Data extracted from a collection:
[Start of section]

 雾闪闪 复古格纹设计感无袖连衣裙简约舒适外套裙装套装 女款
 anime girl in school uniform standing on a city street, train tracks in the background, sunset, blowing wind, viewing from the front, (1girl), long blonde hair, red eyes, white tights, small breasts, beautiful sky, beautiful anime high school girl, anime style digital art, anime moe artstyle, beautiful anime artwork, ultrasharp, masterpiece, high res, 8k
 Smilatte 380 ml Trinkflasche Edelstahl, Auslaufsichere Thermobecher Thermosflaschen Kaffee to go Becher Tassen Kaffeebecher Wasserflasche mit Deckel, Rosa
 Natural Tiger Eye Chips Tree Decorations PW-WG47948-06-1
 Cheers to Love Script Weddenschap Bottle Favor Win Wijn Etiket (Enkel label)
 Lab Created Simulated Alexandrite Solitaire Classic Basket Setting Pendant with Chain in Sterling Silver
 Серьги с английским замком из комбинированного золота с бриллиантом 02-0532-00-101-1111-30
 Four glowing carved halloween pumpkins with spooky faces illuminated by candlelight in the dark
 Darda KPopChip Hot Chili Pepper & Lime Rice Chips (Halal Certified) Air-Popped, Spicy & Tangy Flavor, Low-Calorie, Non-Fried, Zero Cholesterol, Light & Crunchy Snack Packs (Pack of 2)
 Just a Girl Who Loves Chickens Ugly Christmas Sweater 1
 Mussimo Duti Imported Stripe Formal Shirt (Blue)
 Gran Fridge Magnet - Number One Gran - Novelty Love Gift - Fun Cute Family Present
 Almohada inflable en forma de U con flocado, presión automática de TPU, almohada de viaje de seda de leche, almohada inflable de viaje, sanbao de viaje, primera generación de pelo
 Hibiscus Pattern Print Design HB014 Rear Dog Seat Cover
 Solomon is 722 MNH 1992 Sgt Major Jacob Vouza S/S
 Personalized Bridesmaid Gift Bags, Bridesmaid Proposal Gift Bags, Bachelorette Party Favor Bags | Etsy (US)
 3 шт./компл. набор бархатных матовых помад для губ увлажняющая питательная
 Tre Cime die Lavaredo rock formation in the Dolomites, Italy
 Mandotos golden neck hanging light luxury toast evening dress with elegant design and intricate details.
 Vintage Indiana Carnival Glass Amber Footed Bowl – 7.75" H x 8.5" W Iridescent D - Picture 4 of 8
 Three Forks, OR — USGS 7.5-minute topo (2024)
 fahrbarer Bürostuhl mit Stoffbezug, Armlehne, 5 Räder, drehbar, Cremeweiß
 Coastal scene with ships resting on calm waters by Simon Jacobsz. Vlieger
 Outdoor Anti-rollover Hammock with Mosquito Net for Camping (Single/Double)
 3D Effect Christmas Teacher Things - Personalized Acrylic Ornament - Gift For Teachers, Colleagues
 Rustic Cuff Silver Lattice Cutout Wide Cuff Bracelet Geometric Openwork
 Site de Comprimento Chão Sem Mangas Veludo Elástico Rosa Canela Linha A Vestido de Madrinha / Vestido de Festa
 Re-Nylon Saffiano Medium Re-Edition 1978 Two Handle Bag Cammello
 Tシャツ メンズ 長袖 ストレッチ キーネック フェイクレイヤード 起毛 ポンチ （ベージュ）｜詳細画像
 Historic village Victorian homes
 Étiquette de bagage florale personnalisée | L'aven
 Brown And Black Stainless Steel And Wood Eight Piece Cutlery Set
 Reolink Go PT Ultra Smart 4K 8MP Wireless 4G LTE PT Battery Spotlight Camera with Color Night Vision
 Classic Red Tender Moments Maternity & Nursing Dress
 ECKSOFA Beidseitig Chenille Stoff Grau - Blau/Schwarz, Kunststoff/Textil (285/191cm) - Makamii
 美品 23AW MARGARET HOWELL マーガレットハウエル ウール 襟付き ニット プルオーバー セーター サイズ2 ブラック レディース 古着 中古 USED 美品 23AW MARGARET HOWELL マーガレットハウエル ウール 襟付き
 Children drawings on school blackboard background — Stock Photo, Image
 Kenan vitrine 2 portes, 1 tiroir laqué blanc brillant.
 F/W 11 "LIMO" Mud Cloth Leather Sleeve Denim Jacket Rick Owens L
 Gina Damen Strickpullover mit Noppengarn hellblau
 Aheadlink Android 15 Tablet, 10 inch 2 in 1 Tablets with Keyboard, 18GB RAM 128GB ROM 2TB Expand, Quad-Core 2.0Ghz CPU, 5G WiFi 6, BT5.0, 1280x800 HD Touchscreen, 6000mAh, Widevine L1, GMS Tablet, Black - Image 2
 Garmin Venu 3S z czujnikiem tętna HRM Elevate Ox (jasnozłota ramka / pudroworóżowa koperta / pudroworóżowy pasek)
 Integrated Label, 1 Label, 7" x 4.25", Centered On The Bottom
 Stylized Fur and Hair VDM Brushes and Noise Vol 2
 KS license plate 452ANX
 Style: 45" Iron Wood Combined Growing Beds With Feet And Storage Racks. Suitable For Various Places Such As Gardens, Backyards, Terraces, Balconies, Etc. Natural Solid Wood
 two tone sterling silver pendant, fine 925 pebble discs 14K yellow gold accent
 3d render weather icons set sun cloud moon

[End of section]

• TASK DETAILS:
Retype exactly the lines above, from the one with "Lab Created Simulated" through the one with "Four glowing carved", inclusive.

• PROBLEM SOLUTION:
 Lab Created Simulated Alexandrite Solitaire Classic Basket Setting Pendant with Chain in Sterling Silver
 Серьги с английским замком из комбинированного золота с бриллиантом 02-0532-00-101-1111-30
 Four glowing carved halloween pumpkins with spooky faces illuminated by candlelight in the dark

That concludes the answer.